Figure 6: Visualization of retrieval results comparing our method (left) with the model without OCR information (right). Sim indicates the overall similarity score, calculated as the average of text-OCR, text-video, and text-hybrid matching scores, denoted as OCR, Video, and Hybrid, respectively. Our TCD captures fine-grained scene text, such as "GRILL" and "Thank you" with high similarity and hybrid scores. Please zoom in for a better view of the details.

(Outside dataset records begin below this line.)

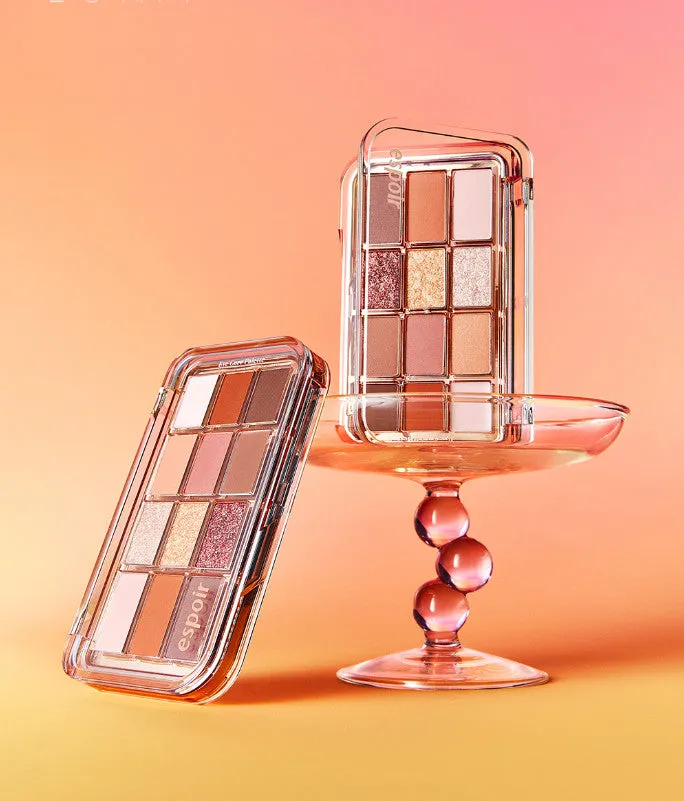 espoir Eye Core Palette 9g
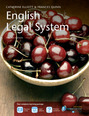 Elliott & Quinn, English Legal System, 12th edition MyLawChamber premium registration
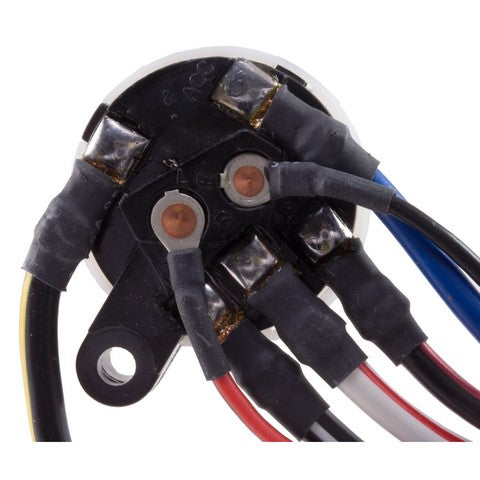 Ignition Switch WVE 1S6208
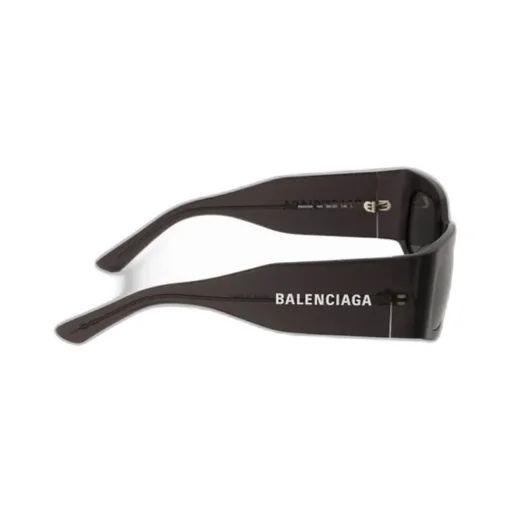 Paper Rectangle Frame Sunglasses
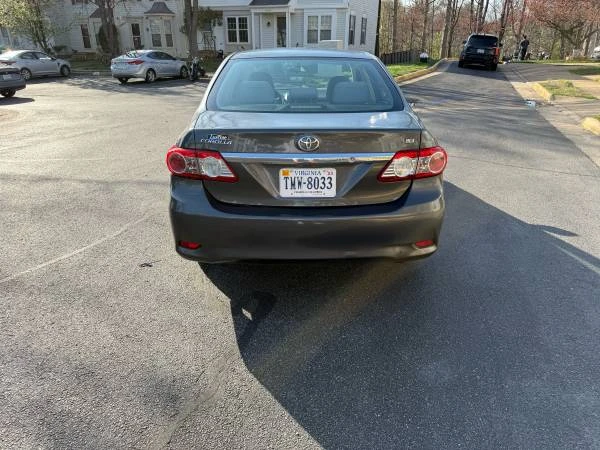 2013 Toyota Corolla 10th Gen - Image 4 of 11
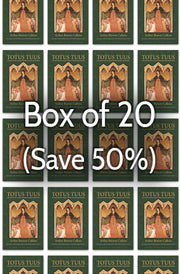 Totus Tuus 50% bulk discount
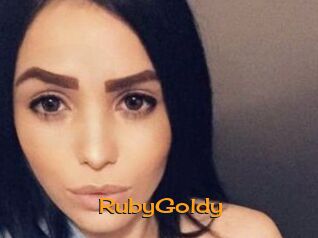RubyGoldy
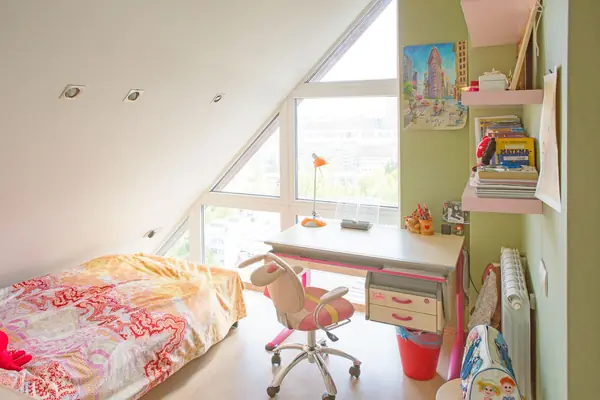 Голова в Облаках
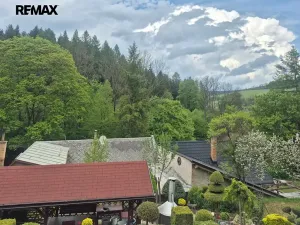 Prodej chalupy, Březová nad Svitavou, Zářečí, 100 m2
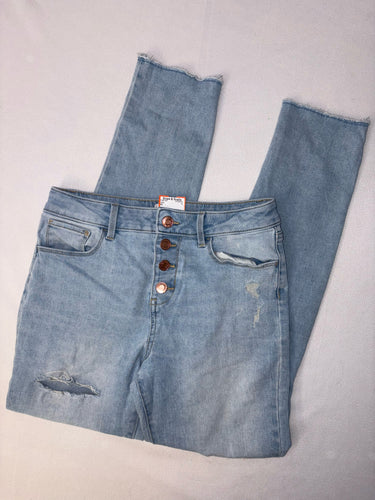 girls Size 14 SO Jeans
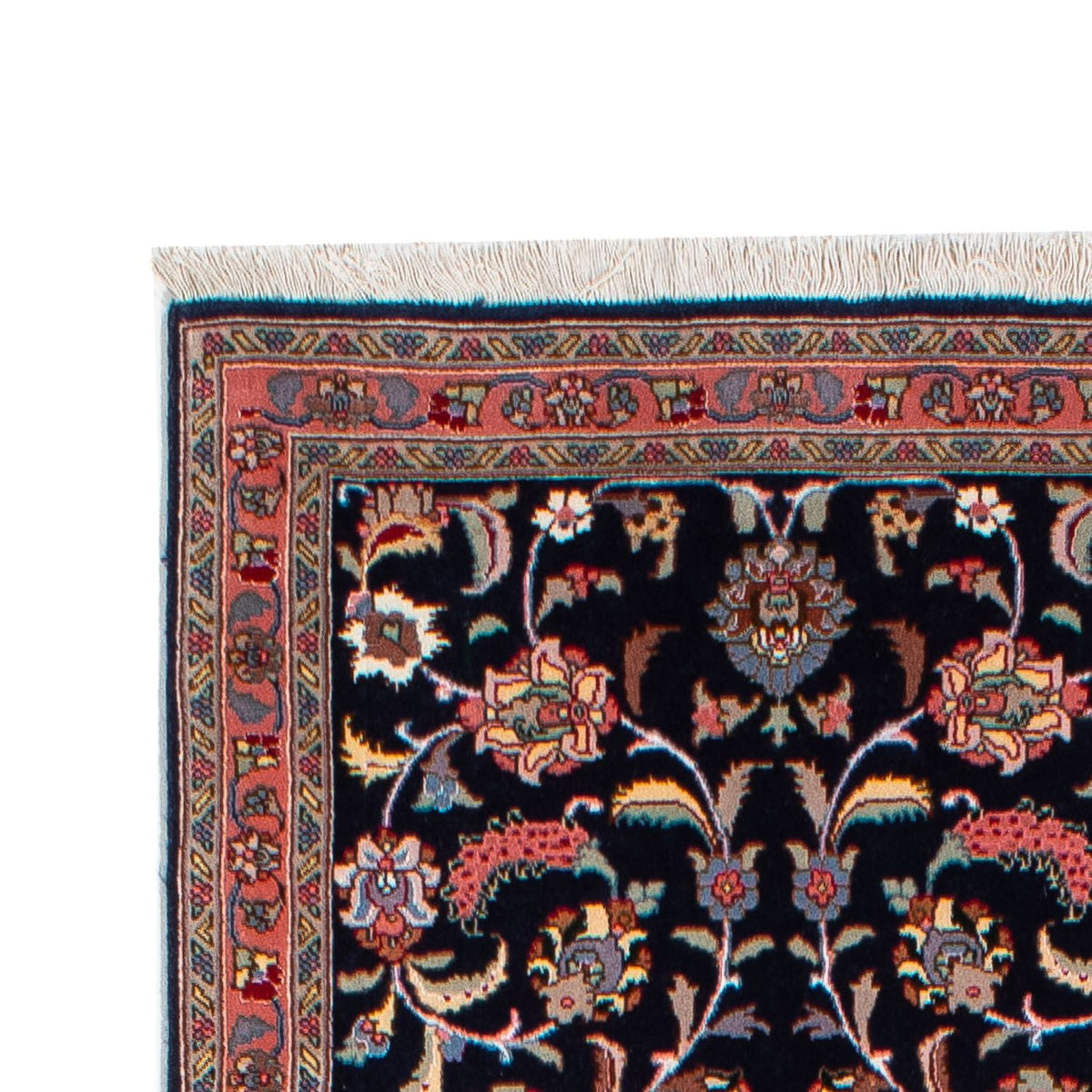Tabriz - 50 Raj Dywan 65x298cm - Dywan perski
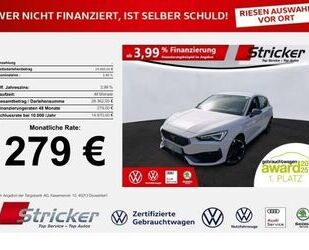 Cupra Leon Gebrauchtwagen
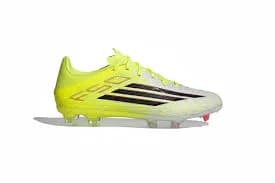 Anúncio: Adidas Calzado F50 League Fg/mg JR8995 Yellow (t) 11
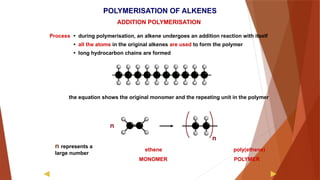 Hydrocarbons - Alkene As-Levels 2025.pptx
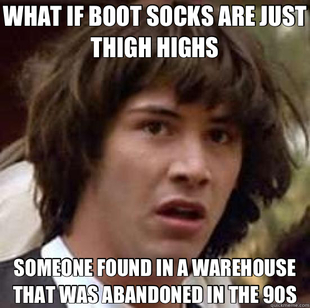 conspiracy keanu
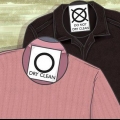 Des vêtements propres comme chez le pressing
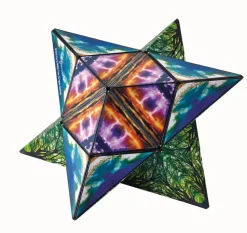 Shashibo Elements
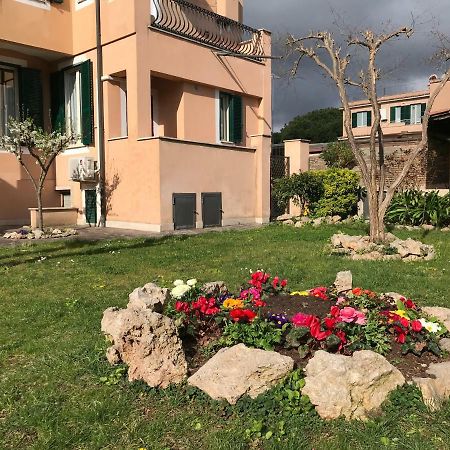 Agli Acquedotti Romani Dış mekan fotoğraf
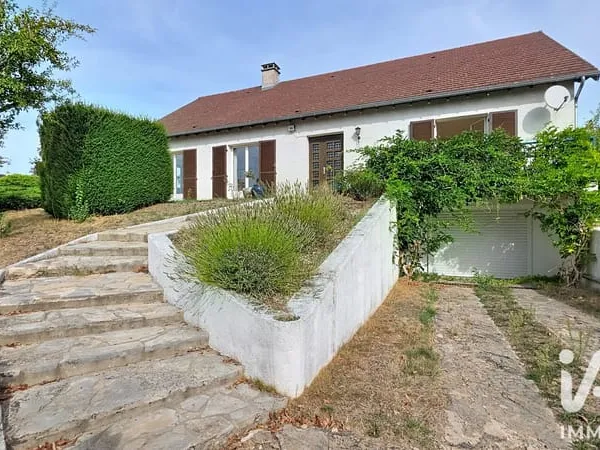 Maison 6 pièces 135 m²
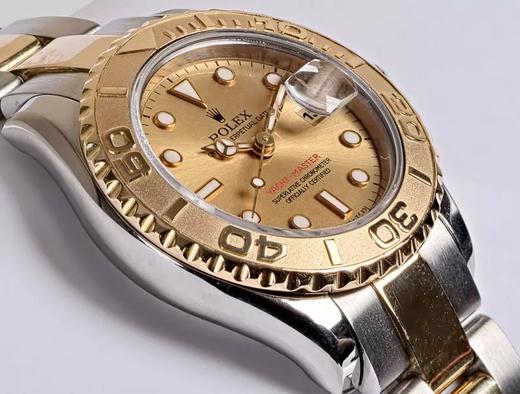 N厂劳力士游艇名仕型系列169623复刻手表一比一手表n厂c厂clean厂vs厂 商品图2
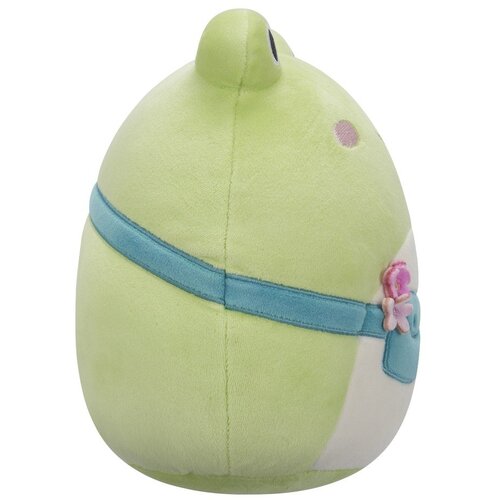 Squishmallows Pli&amp;scaron;asta igrača Wendy &amp;ndash; Slike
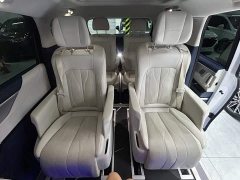 Buick GL8 New Energy Luzun Luxury Edition 6-Seater - ფოტო 12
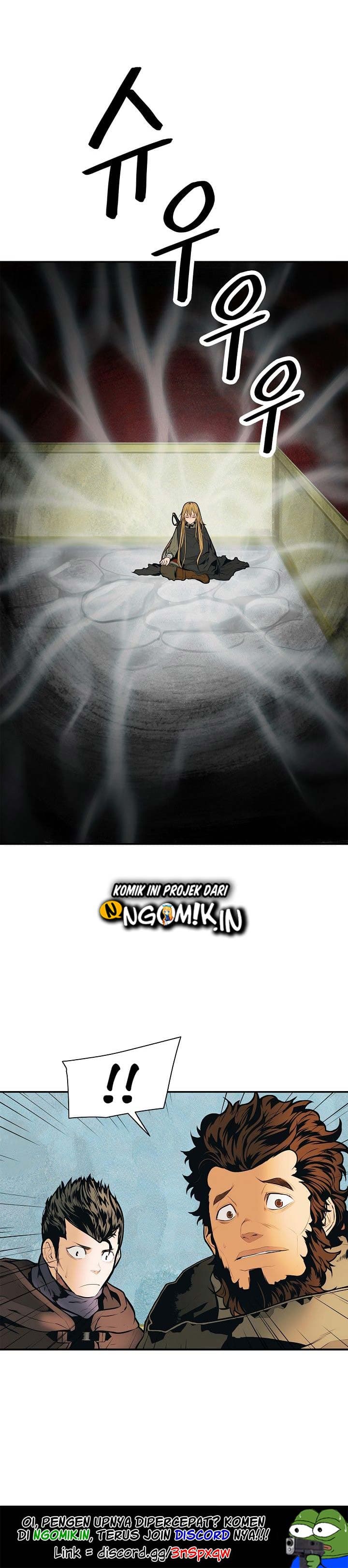 MookHyang – Dark Lady - Chapter 36 - Page 5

[7/9] Text→Video Retrieval Results (2/2)

Text→Video Retrieval (2/2)

Figure 7: Visualization of retrieval results comparing our method (left) with the model without OCR information (right). Sim represents the overall similarity score, calculated as the average of text-OCR, text-video, and text-hybrid matching scores, denoted as OCR, Video, and Hybrid, respectively. Our TCD captures fine-grained scene text, such as "SAC MIA", "School", and "SDY 288H" with high similarity and hybrid scores. Please zoom in for a better view of the details.

[8/9] Appendix

[9/9] Abstract

Existing text-video retrieval methods mainly focus on single-modal video content (i.e., visual entities), often overlooking heterogeneous scene text that is ubiquitous in human environments. Although scene text in videos provides fine-grained semantics for cross-modal retrieval, effectively utilizing it presents two key challenges: (1) Temporally dense scene text disrupts sync with sparse video frames, obstructing video understanding; (2) Redundant scene text and irrelevant video frames hinder the learning of discriminative temporal clues for retrieval. To address them, we propose a temporal scene-text calibrating and distilling (TCD) network for text-video retrieval. Specifically, we first design a window-OCR captioner that aggregates dense scene text into OCR captions to facilitate feature interaction. Next, we devise a heterogeneous semantics calibration module that leverages scene text as a self-supervised signal to temporally align window-level OCR captions and frame-level video features. Further, we introduce a context-guided temporal clue distillation module to learn the complementary and relevant details between scene text and video modalities, thereby obtaining discriminative temporal clues for retrieval. Extensive experiments show that our TCD achieves state-of-the-art performance on three scene-text related benchmarks.

The source code and trained models will be released soon.